Problem statement: In the records below, reproduce exactly the lines from the one containing "Ship Model Aluminium" through the one containing "Sausage, Egg &", both included, and omit the pictures.

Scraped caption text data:
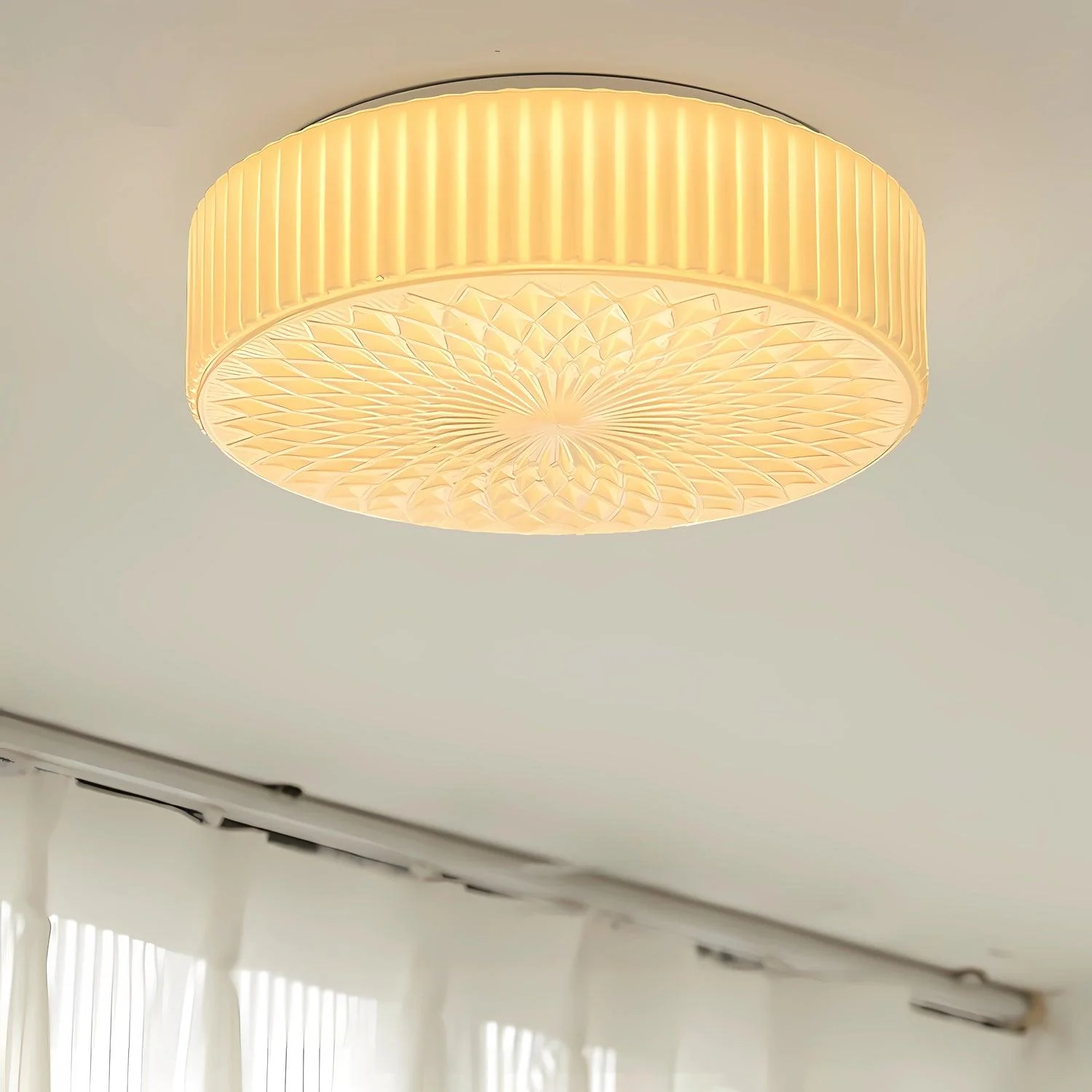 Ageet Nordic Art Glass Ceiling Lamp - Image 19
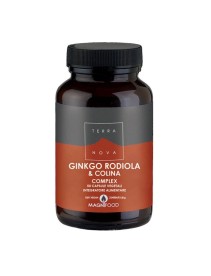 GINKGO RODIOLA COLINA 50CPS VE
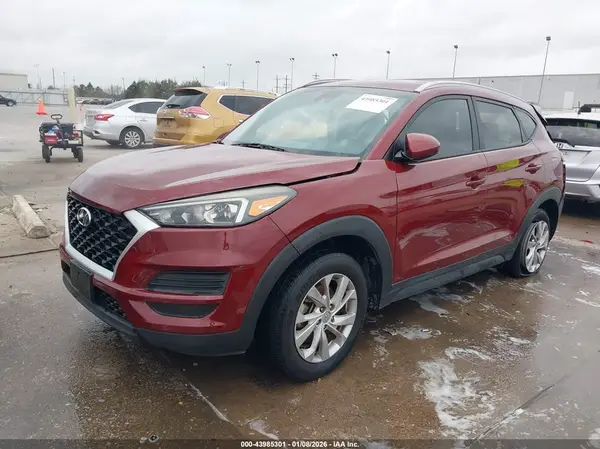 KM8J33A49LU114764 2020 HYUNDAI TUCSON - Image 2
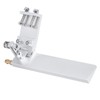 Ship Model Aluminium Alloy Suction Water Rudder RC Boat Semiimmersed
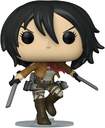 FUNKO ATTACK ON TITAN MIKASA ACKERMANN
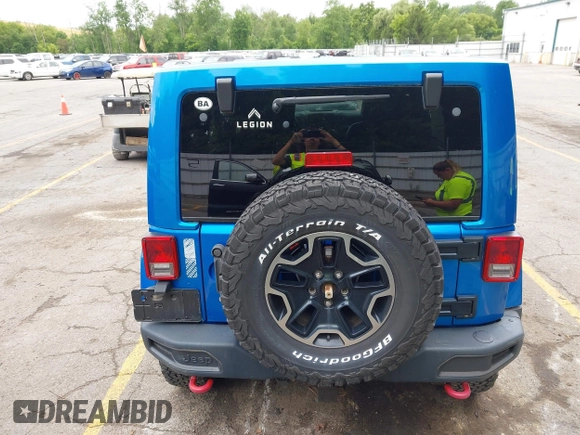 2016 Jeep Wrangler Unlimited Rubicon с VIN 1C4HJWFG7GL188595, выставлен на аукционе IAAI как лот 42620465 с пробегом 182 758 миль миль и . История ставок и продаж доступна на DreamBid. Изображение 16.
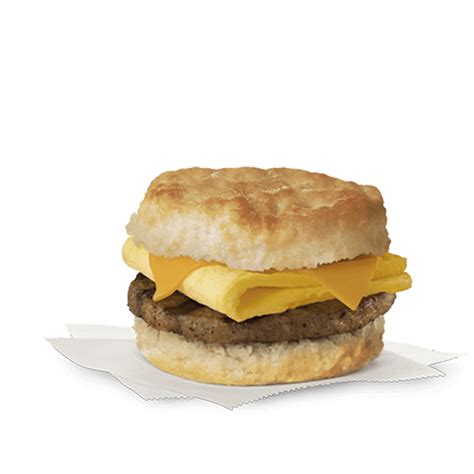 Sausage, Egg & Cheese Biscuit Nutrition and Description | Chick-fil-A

---

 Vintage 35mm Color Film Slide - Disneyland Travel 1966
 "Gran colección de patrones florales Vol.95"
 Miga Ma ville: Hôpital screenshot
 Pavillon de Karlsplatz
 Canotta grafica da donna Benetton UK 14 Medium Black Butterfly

Output below:
 Ship Model Aluminium Alloy Suction Water Rudder RC Boat Semiimmersed
 FUNKO ATTACK ON TITAN MIKASA ACKERMANN
 2016 Jeep Wrangler Unlimited Rubicon с VIN 1C4HJWFG7GL188595, выставлен на аукционе IAAI как лот 42620465 с пробегом 182 758 миль миль и . История ставок и продаж доступна на DreamBid. Изображение 16.
 Sausage, Egg & Cheese Biscuit Nutrition and Description | Chick-fil-A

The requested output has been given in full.